1. Preheat the oven to 350 degrees. Generously butter the bottom and sides of one 9-inch springform pan and two 9 inch round layer cake pans. Wrap the outside of the springform (but not the cake pans) with aluminum foil, covering the bottom and extending all the way up the sides. Very important: line the bottom of all three pans with parchment or waxed paper (do not let the paper come up the sides).

2. Pulse the thawed strawberries in your food processor until smooth (you need ¾ cup of puree). Stir in the 1 tsp of cornstarch and set aside. It will thicken slightly as it stands.

3. Put one package of the cream cheese, 1/3 cup of the sugar, and the cornstarch in a large bowl. Beat with an electric mixer on low until creamy, about 3 minutes, scraping down the bowl a few times. Beat in the remaining cream cheese, one package at a time, scraping down the bowl after each. Increase the mixer speed to medium and beat in the remaining 1 cup sugar, then the vanilla. Blend in the eggs, one at a time, beating well after adding each. Beat in the cream just until it’s completely blended. Be careful not to overmix! Fold in the strawberry puree, plus the food coloring, if you wish (use just enough to tint the batter light pink).

4. Gently spoon the batter into the springform, then place it in a large shallow pan containing hot water that comes 1 inch up the sides of the springform.
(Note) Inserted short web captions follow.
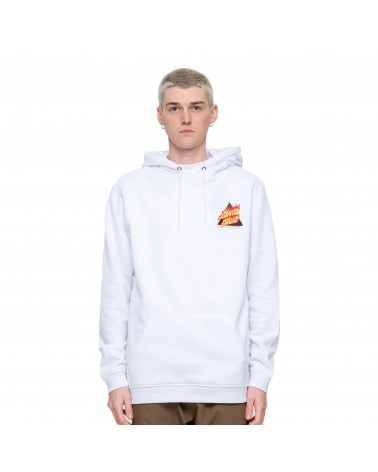 Santa Cruz Flamed Not A Dot Hood White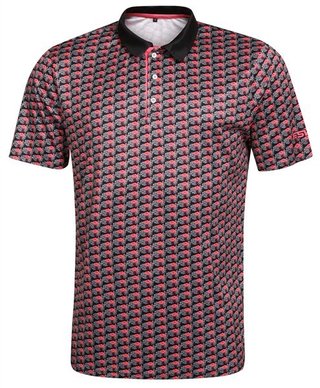 Fashion Sports Wear Nairobi polo da uomo, nero/rosa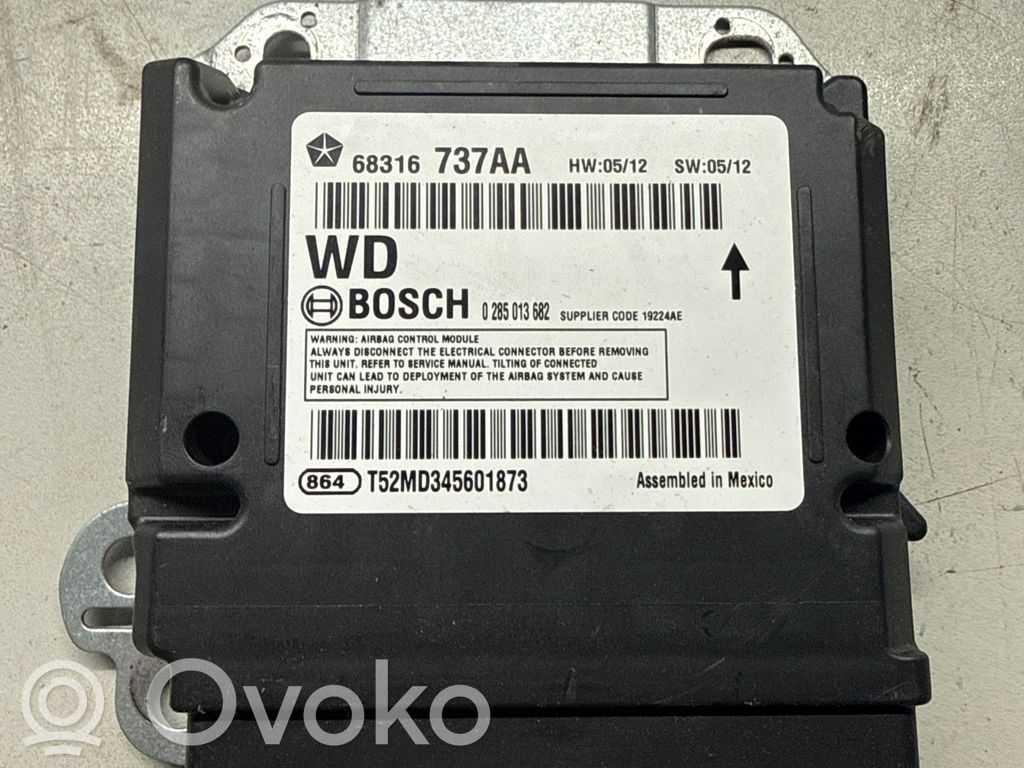 Sterownik / Moduł Airbag   68316737AA,0285013682,T52MD345601873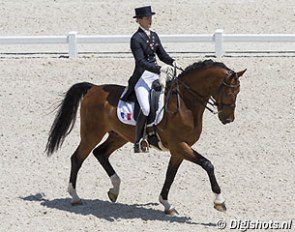 Alizee Froment and Ehrendorf at the 2014 CDI Caen WEG Test Event :: Photo © Leanjo de Koster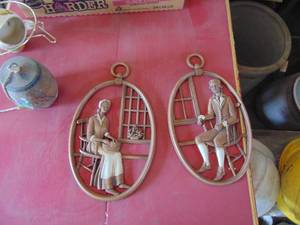 lot 3469 image: Pair of Wall Hangings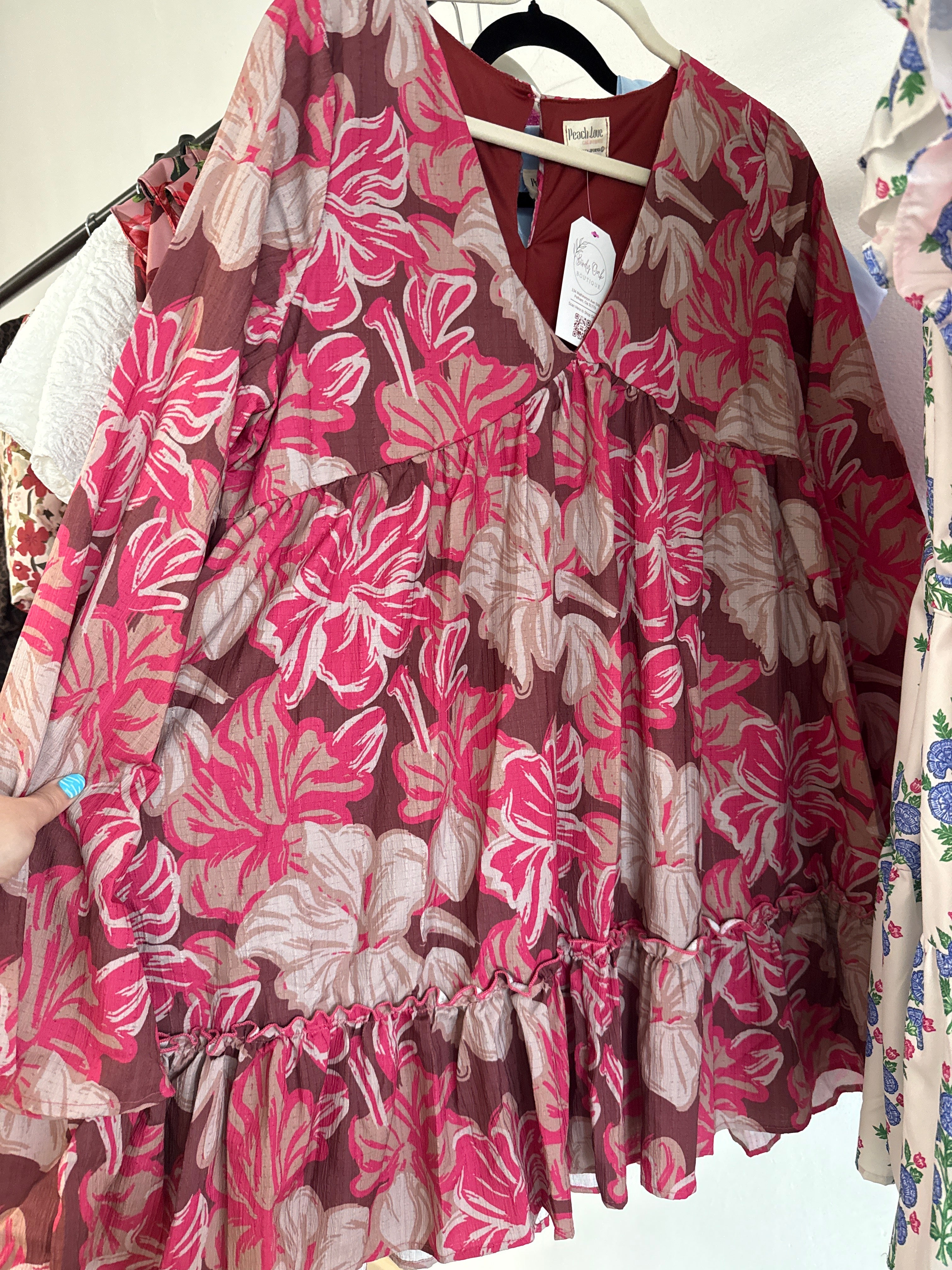 Flare Floral Dress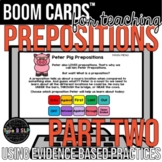 Teaching Prepositions for Speech Therapy BOOM Cards™ | PART TWO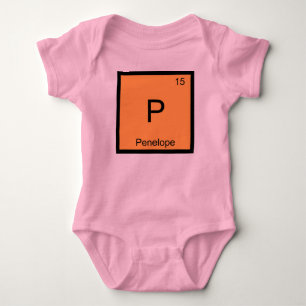 Penelope Name Chemistry Element Periodic Table Baby Bodysuit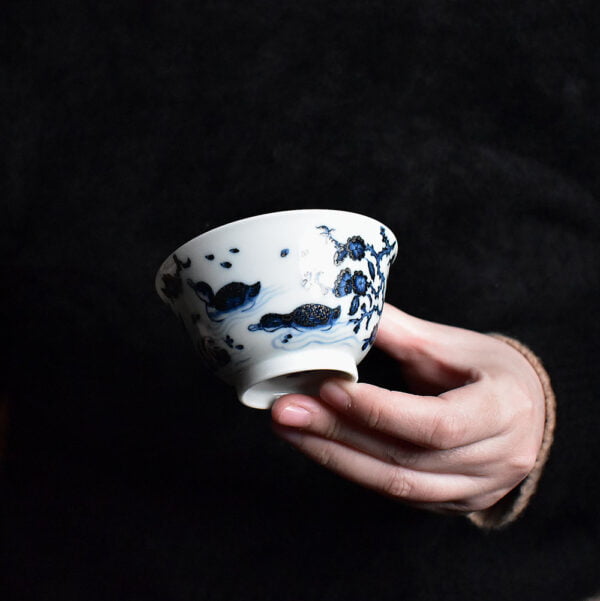 Hand Painted Duck Teacup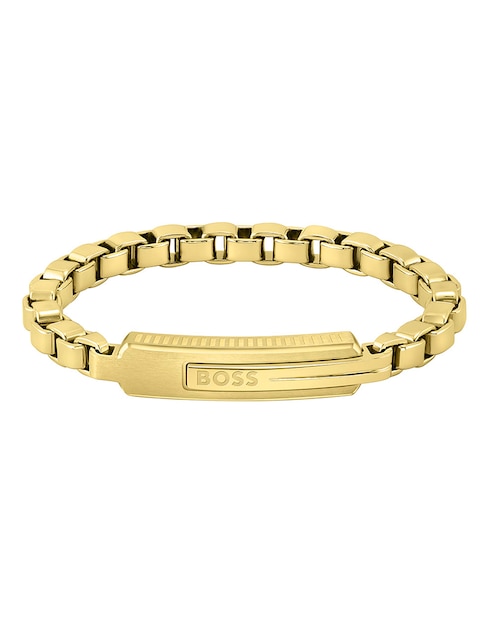 Brazalete HUGO BOSS de acero Orlado con acabado brillante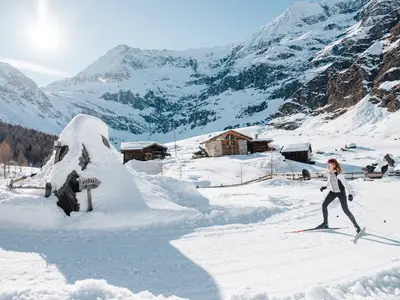Langlaufen im Passeiertal © Benjamin Pfitscher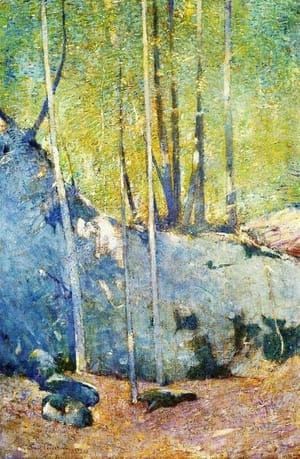 Artwork Title: Wooded interior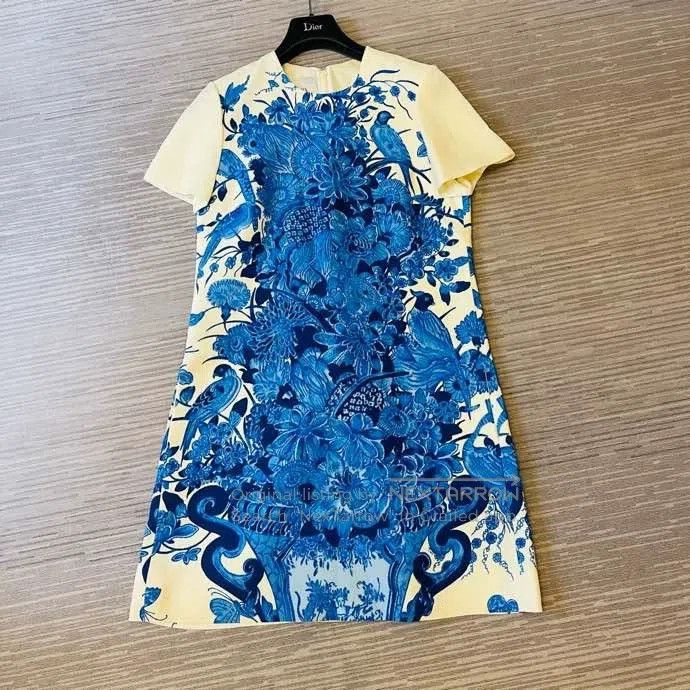Valentino Valentino Blue and white porcelain print dress Size S / US 4 / IT 40 - 3 Thumbnail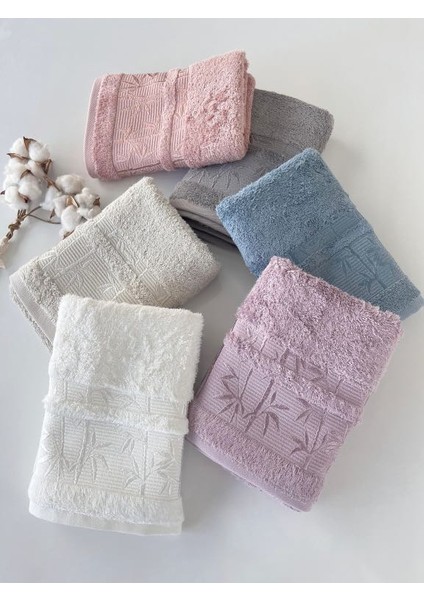 6lı Bambu 50X90 Havlu Seti modelleri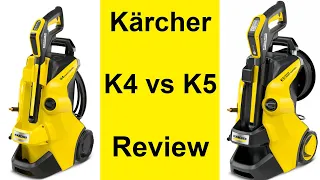 Karcher K4 vs K5 High Pressure Washer Comparison Review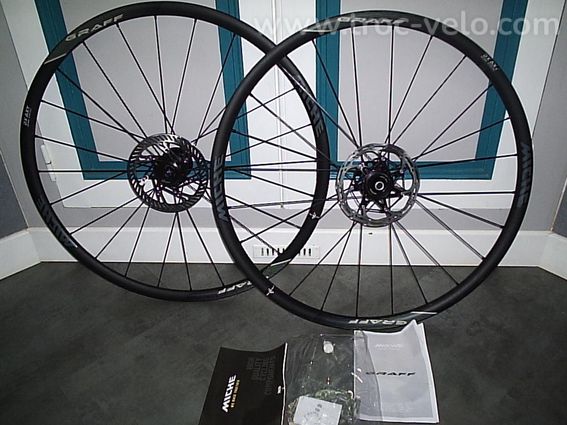 Roues Gravel Miche Graff DX AXY neuves 0km - 2
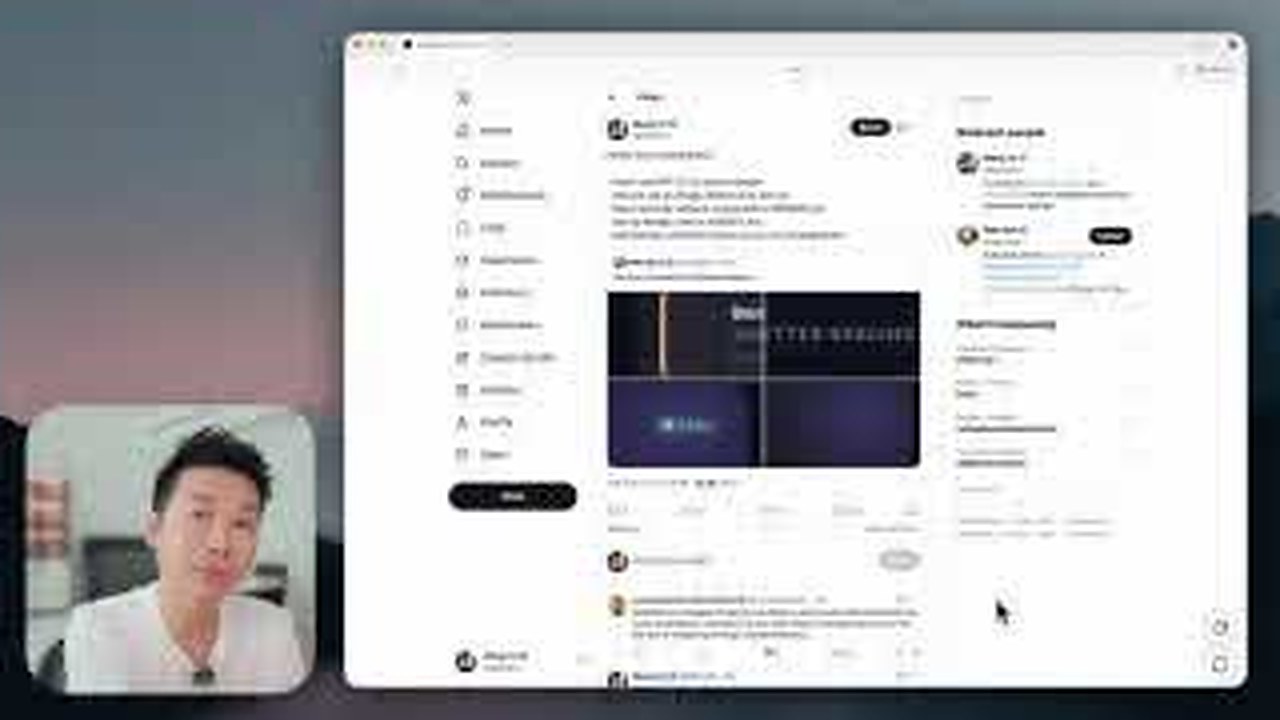Video frame showing generic landing page patterns being reviewed for AI slop signals
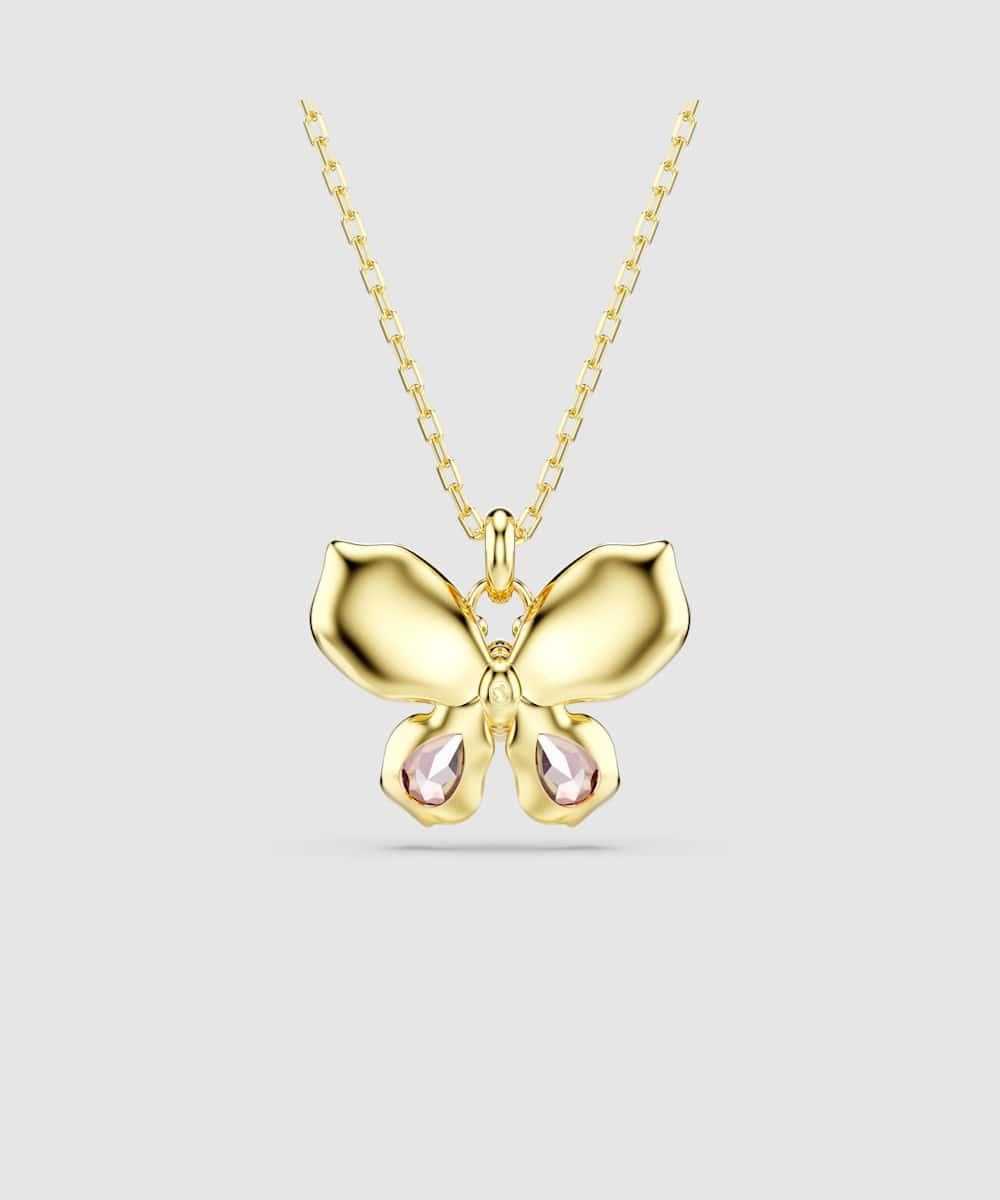 Colgante idyllia mariposa bañado en oro con cristales - Swarovski - Multicolor Multicolor-4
Bake the cake until the edges are light golden brown and the top is set, about 1 ¼ hours. Remove the cake from the water bath, transfer the tin to a wire rack, and let cool in the pan for 2 hours, then cover with plastic wrap and refrigerate until completely cold, about 4 hours. Then freeze overnight until ready to assemble the cake.

5. While the cheesecake is cooling, make the sponge cake layers. Check that the oven is preheated to 350 degrees and that the water bath has been removed. In a small bowl, sift the flour, baking powder, and salt together. Beat the egg yolks in a large bowl with an electric mixer on high for 3 minutes. While the mixer is still running, slowly add 1/3 cup of the sugar and continue beating until thick, light yellow ribbons form in the bowl, about 5 minutes more. Beat in the extracts. Sift the flour mixture over the batter and stir it in by hand, just until no white flecks are visible. Blend in the melted butter.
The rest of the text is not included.